# Task item:
The following data is to be repeated exactly, its pictures excluded.

# Data below:
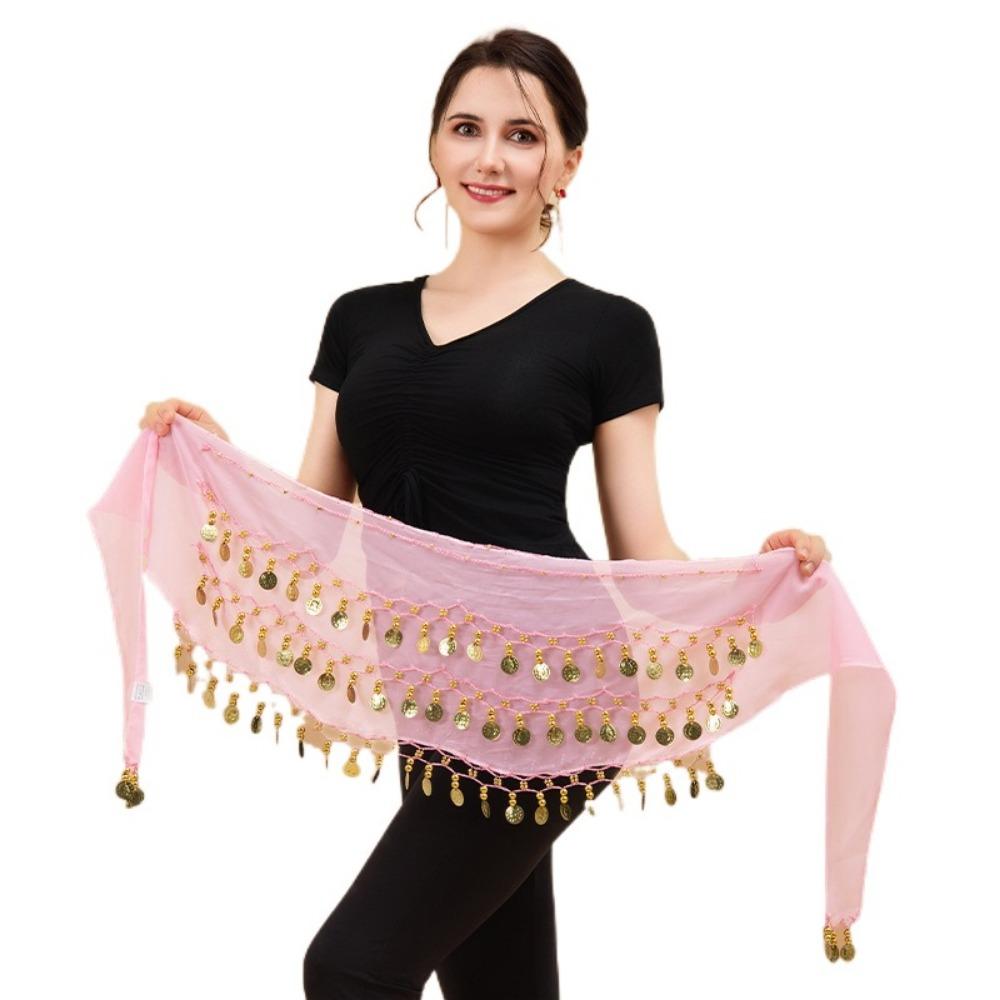 Adjustable Bellydance Waist Chain Gold Color Coins Dancing Waist Belt  Stage Performance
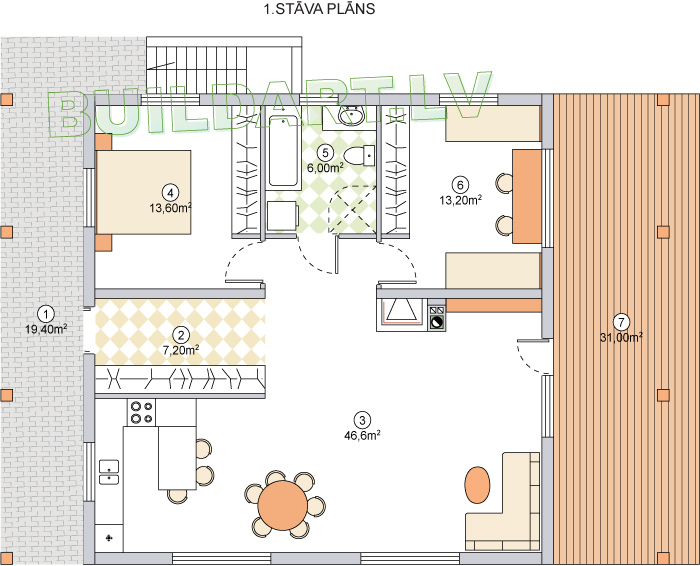 Projekts ar zaļo jumtu - plāna versija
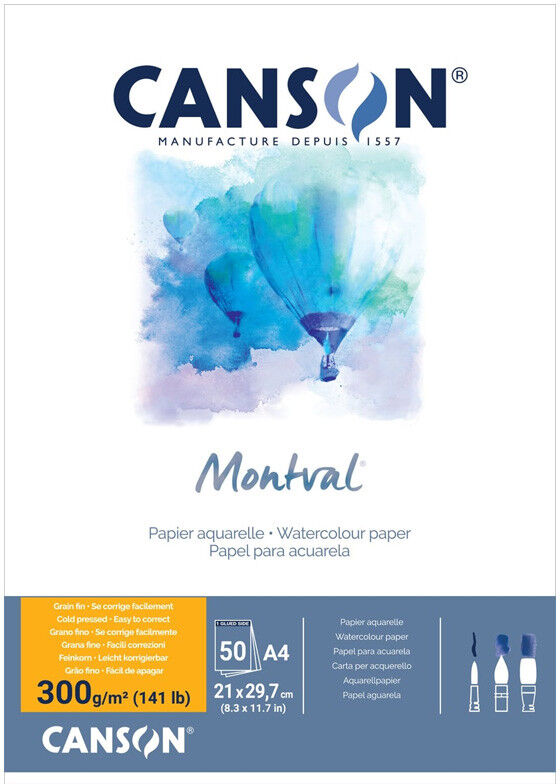 Maxi bloc collé 1 côté Montval A4 300g 50 feuilles grain fin - Canson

# Answer to this exercise:
 Adjustable Bellydance Waist Chain Gold Color Coins Dancing Waist Belt  Stage Performance
 Projekts ar zaļo jumtu - plāna versija
 Maxi bloc collé 1 côté Montval A4 300g 50 feuilles grain fin - Canson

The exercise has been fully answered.